Because MBS can be risky, yields on them are significantly greater than on “risk-free” assets such as government bonds. These risks come in four main categories. Borrowers can prepay their mortgage loans at any time, so the duration of MBS is not fixed, creating interest rate risk and prepayment risk.3 Investors also face credit risk because borrowers can default on their loans. This is primarily a concern for investors in nonagency MBS because these securities lack a government-backed guarantee.4 Another risk for investors is uncertainty about the ease with which MBS can be traded — in other words, liquidity risk.
Today’s U.S. market for MBS, the authors write, is one of the largest and most liquid global fixed-income markets, with trading volumes averaging about $300 billion daily and with over $11 trillion of securities outstanding.5 Who invests in the MBS market? Mid-2021 data of mostly agency MBS show that the largest class of investors is banks and other depository institutions (32 percent), followed by the Federal Reserve (23 percent) and international investors (11 percent).

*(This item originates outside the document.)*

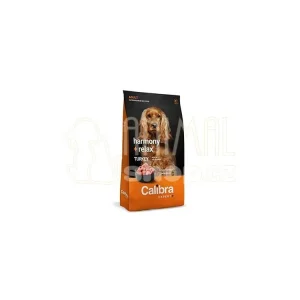 Calibra Dog EXPERT+ Adult Harmony & Relax 750g Akční Cena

The remaining shares cover a wide range of other investor types.6
The Federal Reserve is the single largest agency MBS investor through its large-scale asset purchase program, with holdings equaling $2.5 trillion as of October 2021.7 To stimulate economic growth during and after the 2008 financial crisis, the Fed bought securities, including large amounts of MBS. This increased the money supply and reduced interest rates. As a matter of policy, the Fed has recently worked to draw down its holdings of MBS and other securities from its balance sheet.
As is widely cited in the literature, a key benefit of the MBS market is that it makes mortgages more liquid thanks to the high marketability and tradability of these securities. One of the downsides of the MBS market, as historical experience shows, is that loan originators may have a weaker incentive to screen borrowers, thus increasing the default risk on these securities. The authors are confident that “this important market will remain a vibrant topic for research in the years to come.”

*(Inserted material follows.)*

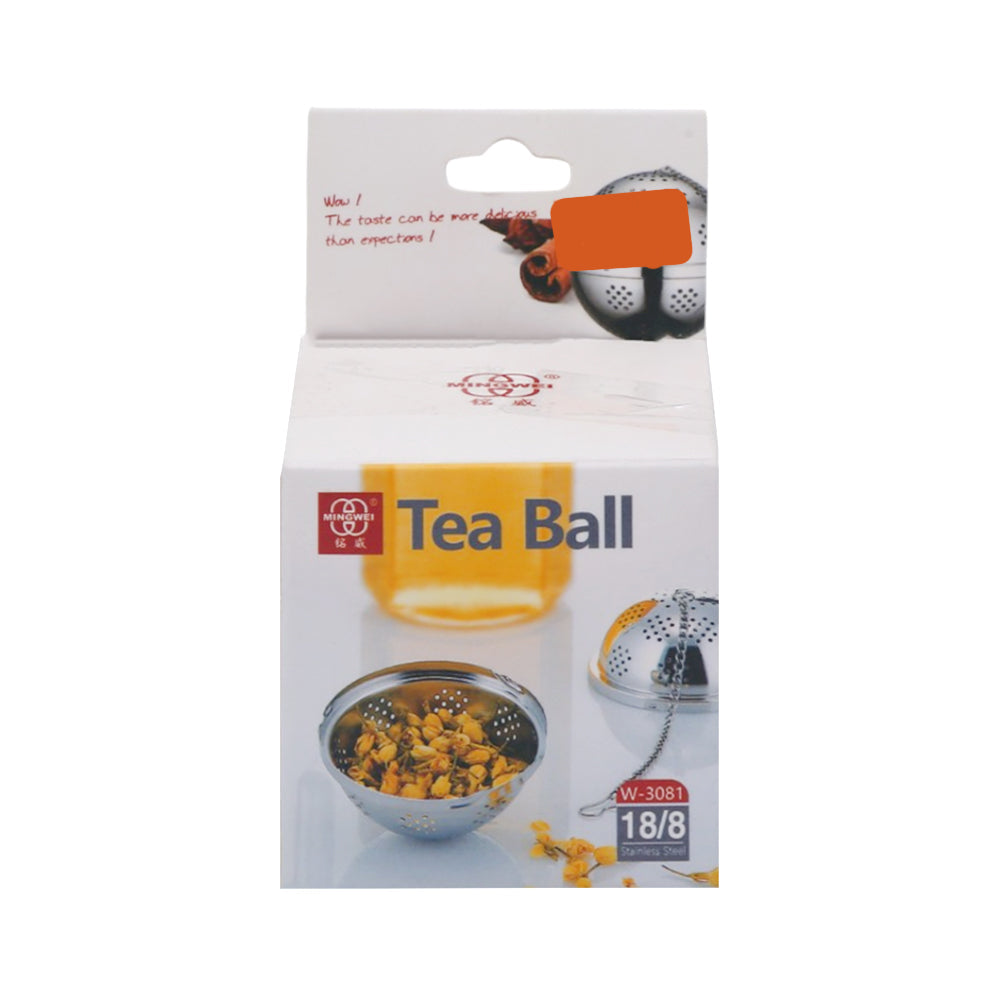 STRAINER MINGWEI IR I3591/W3081 Default Title - MamasJan Crockery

- The views expressed here are solely those of the author and do not necessarily reflect the views of the Federal Reserve Bank of Philadelphia or the Federal Reserve System.
- Their paper is a preliminary draft of a chapter to be published in the forthcoming Research Handbook of Financial Markets, edited by Refet Gürkaynak and Jonathan Wright.
- Subprime mortgages are offered to those with relatively poor credit scores. The practice continues today but under heightened regulation.
- The most important source of prepayments is refinancing, which borrowers have an incentive to do when market interest rates fall. Still, as the authors point out, “many borrowers fail to refinance when it is in their monetary interest to do so.” For more on this topic, see Benjamin Keys, Devin Pope, and Jaren Pope, “Failure to Refinance,” Journal of Financial Economics, 122:3 (2016), pp. 482–499.
- When a borrower defaults, it becomes a “prepayment event” for investors in agency MBS but a credit loss for investors in nonagency MBS.